Data to examine:
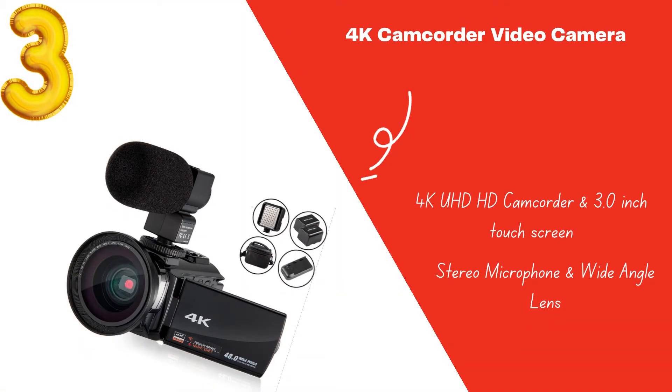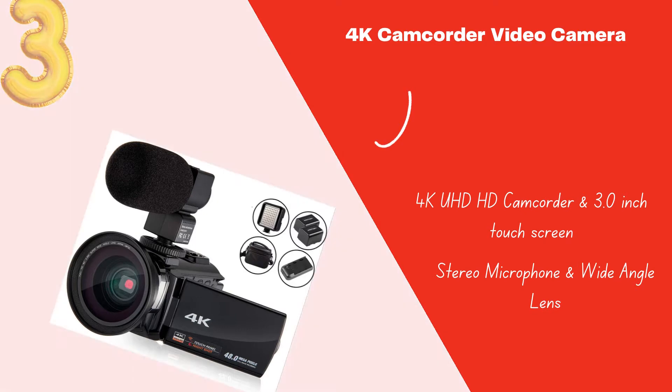Number 3: 4K Camcorder Video Camera KOT HD. The best features of this camera are infrared night vision mode, a high-definition touchscreen with 270-degree rotation, an LED video light, an external microphone, and a wide-angle lens.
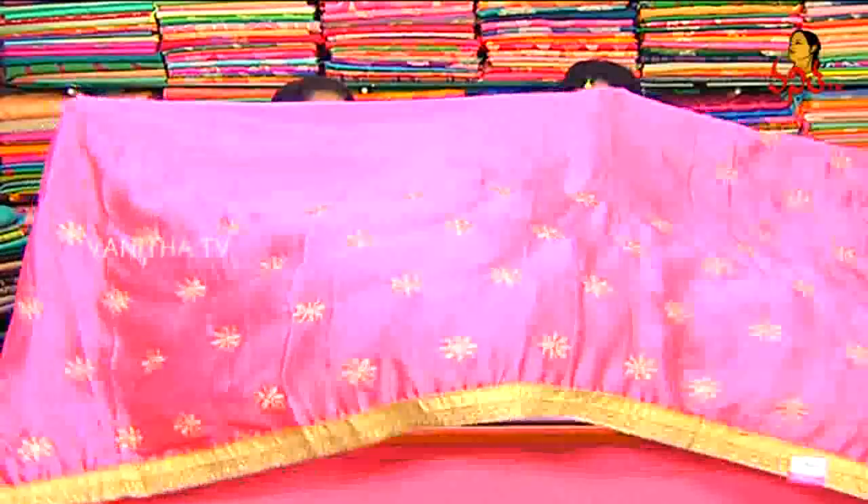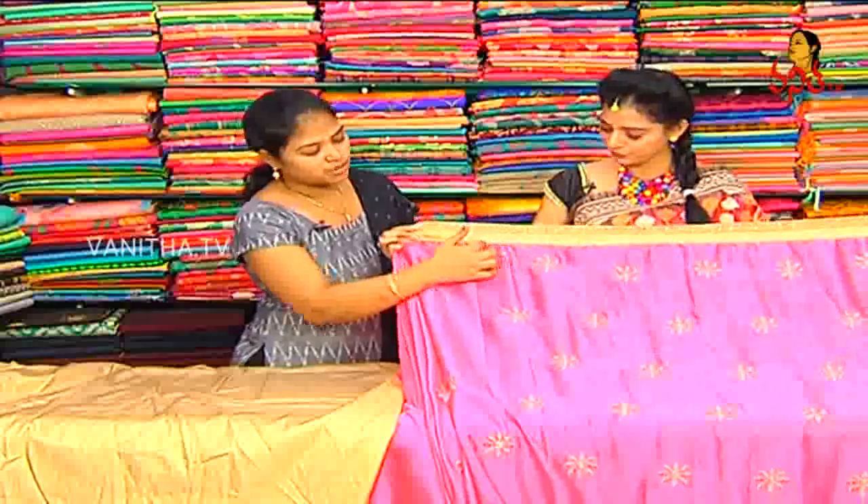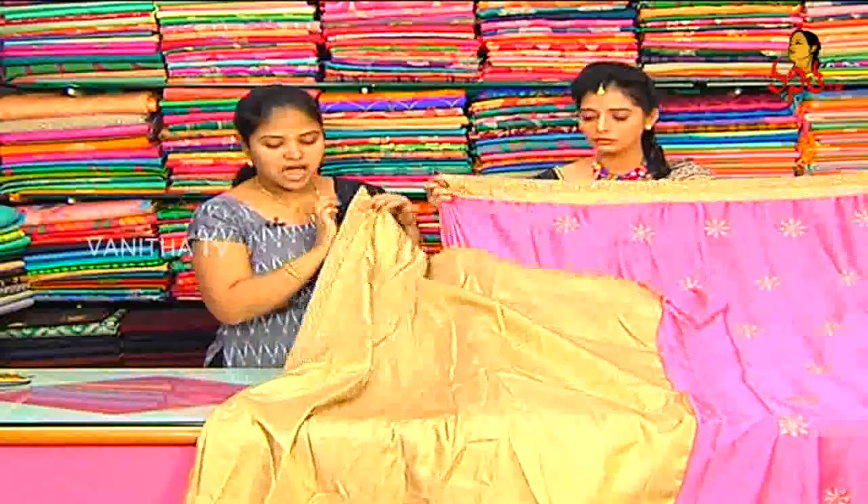The frill part has a half-work design. This is a blouse contrast in gold color. This is the same design blouse, the same fabric, and the same border.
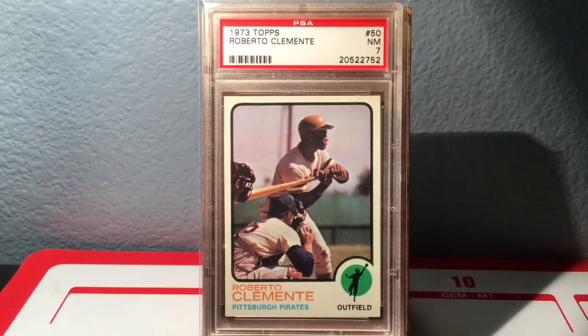And there you go — that is the 22 cards I have in my collection of Mr. Roberto Clemente. Let me know what you think down below, hope you enjoyed it, and we'll catch you guys on the next one. Keep collecting!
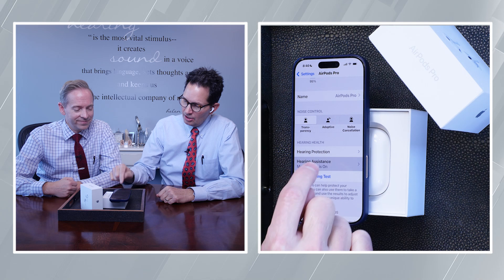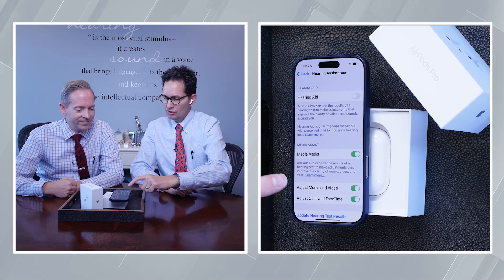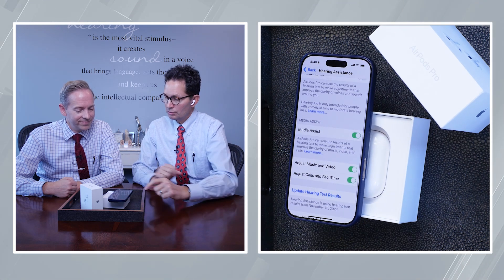Now you need to know that's what it literally means. If you click on 'hearing test' — which I thought is where you would go to load an audiogram, and I think Dr. Whitaker would probably say the same — it's even in a different color, it's blue, like 'click me.' No. What you want to do is right here where it says 'Media Assist.' You click that.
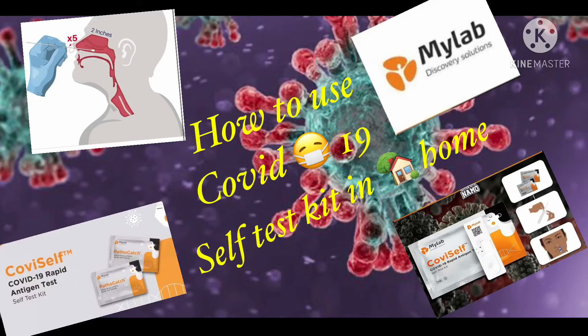Hi friends! Welcome back to Orchardland. Today, we are going to do a COVID test. Before the vlog, we will talk about COVID.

What is required:
Copy every entry above exactly as it stands, but leave the pictures out.

Solution to this task:
Number 3: 4K Camcorder Video Camera KOT HD. The best features of this camera are infrared night vision mode, a high-definition touchscreen with 270-degree rotation, an LED video light, an external microphone, and a wide-angle lens.
The frill part has a half-work design. This is a blouse contrast in gold color. This is the same design blouse, the same fabric, and the same border.
And there you go — that is the 22 cards I have in my collection of Mr. Roberto Clemente. Let me know what you think down below, hope you enjoyed it, and we'll catch you guys on the next one. Keep collecting!
Now you need to know that's what it literally means. If you click on 'hearing test' — which I thought is where you would go to load an audiogram, and I think Dr. Whitaker would probably say the same — it's even in a different color, it's blue, like 'click me.' No. What you want to do is right here where it says 'Media Assist.' You click that.
Hi friends! Welcome back to Orchardland. Today, we are going to do a COVID test. Before the vlog, we will talk about COVID.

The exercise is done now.